Three ETFs to Watch in the Second Quarter

This post is part of a regular series written by ETF Trends editor Tom Lydon, special for CNBC.com.

The first quarter got the year off to a good start. Corporate earnings improved, the mood of consumers is up and we’re even beginning to see some signs of progress in one of the most pressing problems, the U.S. job market.

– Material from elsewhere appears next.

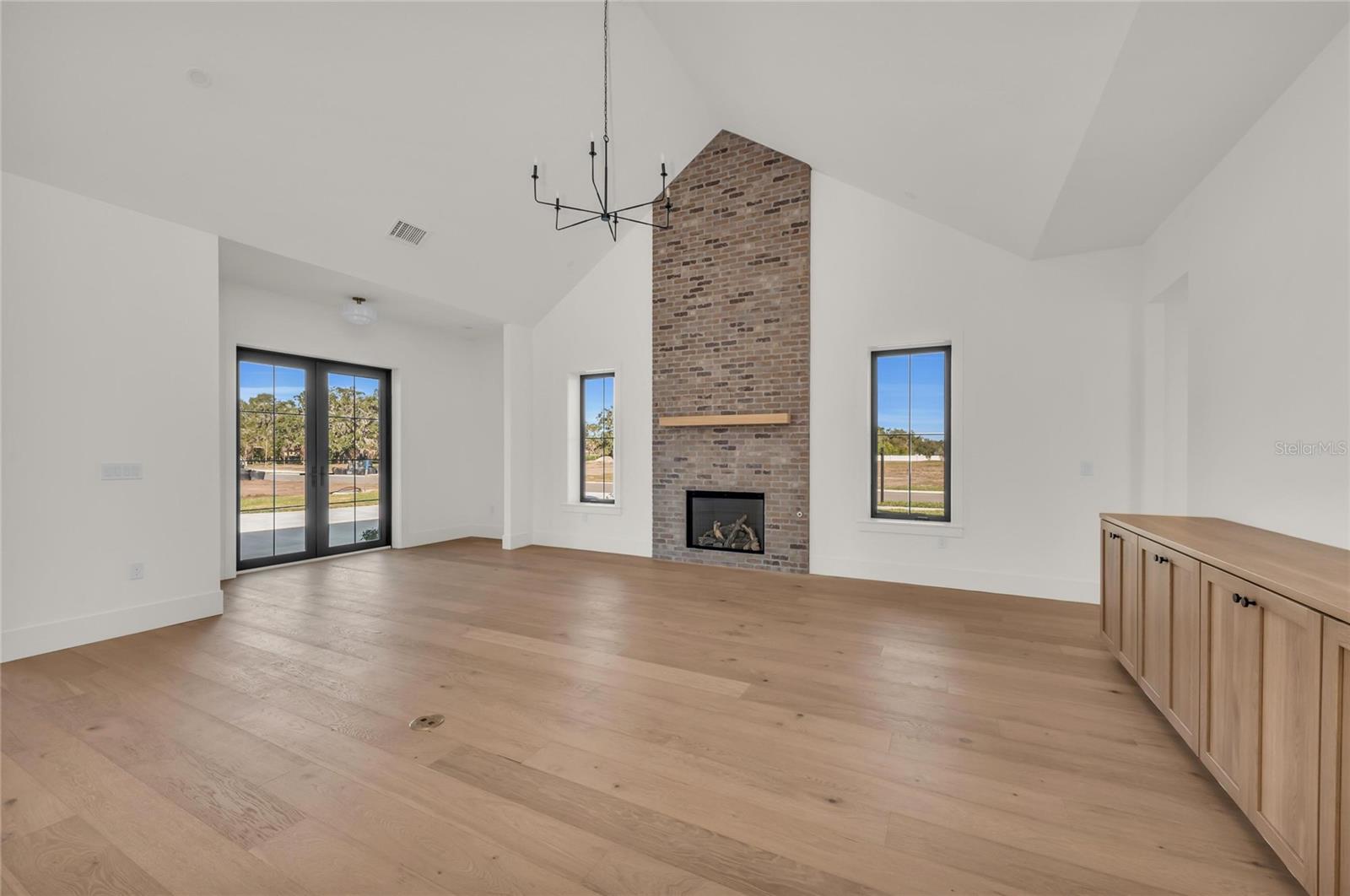 PALADIN ESTATES - Residential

If you've found that you've been defensive lately and looking to stick your toe back in the water, here are three exchange-traded funds (ETFs) to watch in the second quarter:

PowerShares Dynamic Leisure and Entertainment

- The economy has improved enough that Americans are once again venturing out to spend money on fun things such as movies, dinners out and morning lattes.

- American consumers showed restraint during the crisis, but they’re ready to spend on things like trips to Vegas and fast food — if they find a great deal.

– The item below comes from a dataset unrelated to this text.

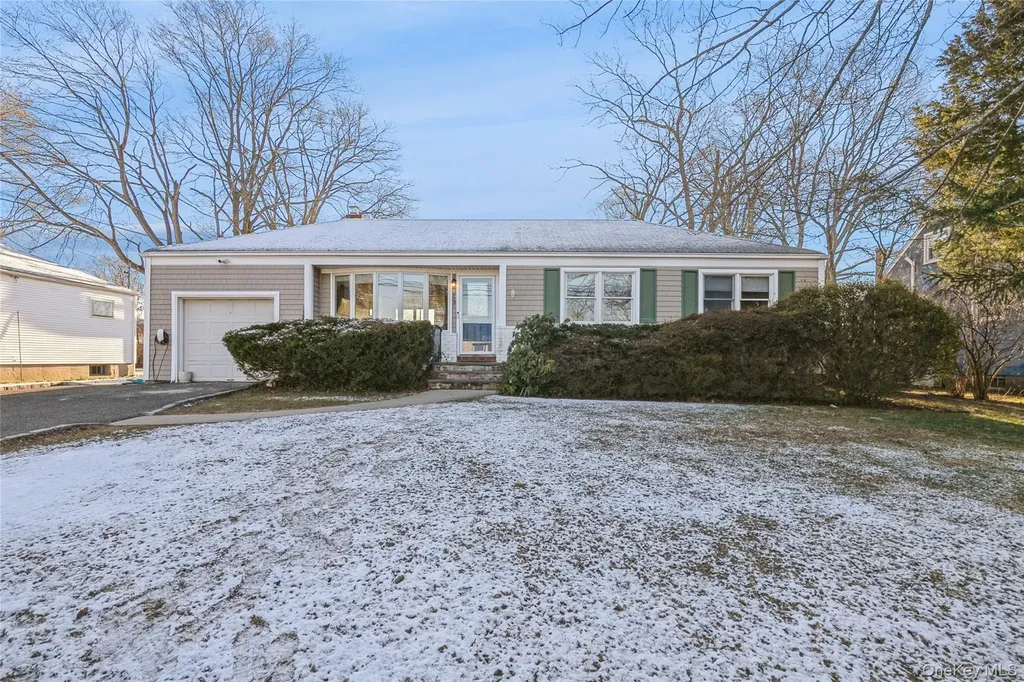 17 Goldsmith Avenue Greenlawn NY 11740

- Media ad spending is once again on the rise; internet ad spending is forecast to overtake all other forms by 2011.

S&P Metals and Mining

- With precious and base metal prices at lofty levels, miners are enjoying huge profit margins right now. Case in point: it takes about $275 to extract an ounce of gold from the ground, and that same ounce is selling in the neighborhood of $1,100 an ounce.

- Emerging market residents are becoming more middle class, increasing demand for base and precious metals alike. Not only is more building taking place to accommodate this growth, but spending on jewelry is also on the rise.

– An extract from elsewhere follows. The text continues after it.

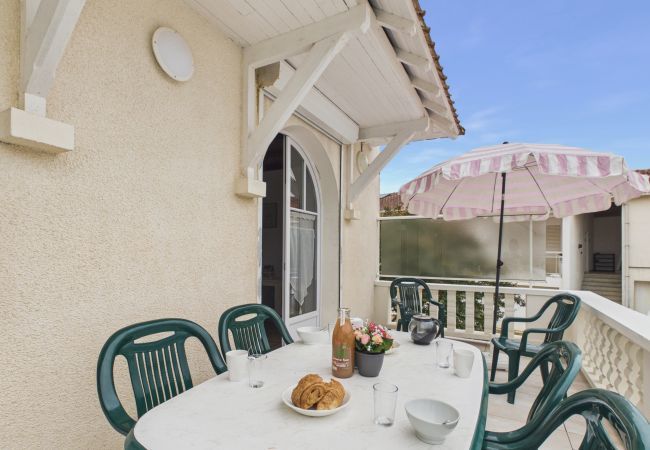 Apartment in Longeville-sur-Mer - Beach 100m away, apartment with terrace for 4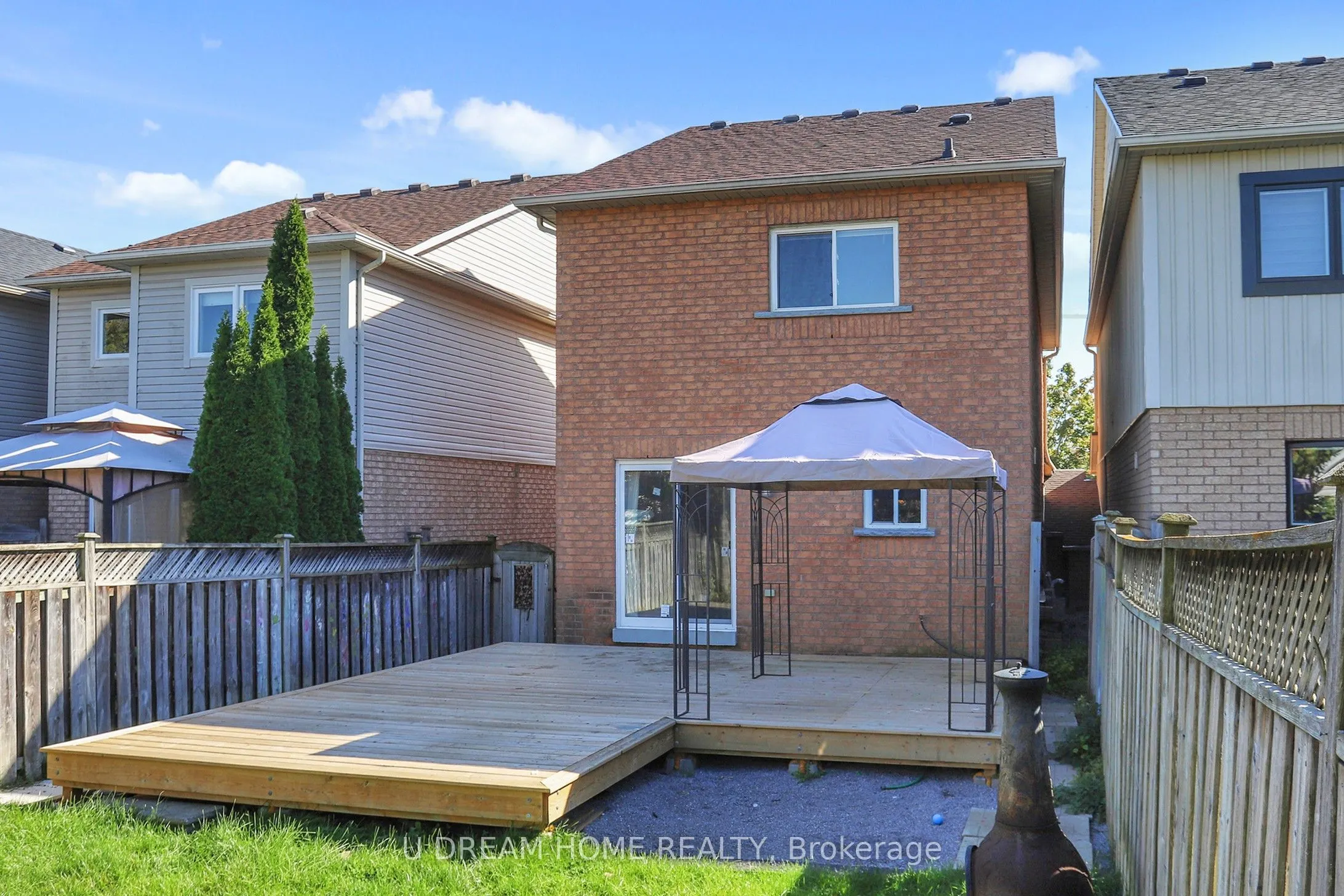 55 Catkins Crescent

- Factories are powering up again, skyscrapers are being built and auto demand is increasing. All this activity is increasing the demand for industrial metals like steel, copper and platinum.

iShares MSCI South Africa Index

- The World Cup, which kicks off on June 11, will put all eyes on South Africa. Although U.S. residents may find it hard to believe, the World Cup is the world’s most popular sporting event. Millions will be watching, both in South Africa and around the world.

- The influx of athletes, fans and others into South Africa for this event will increase demand for materials, energy and telecommunications.

- South Africa emerged from its first recession in 17 years in the third quarter of last year.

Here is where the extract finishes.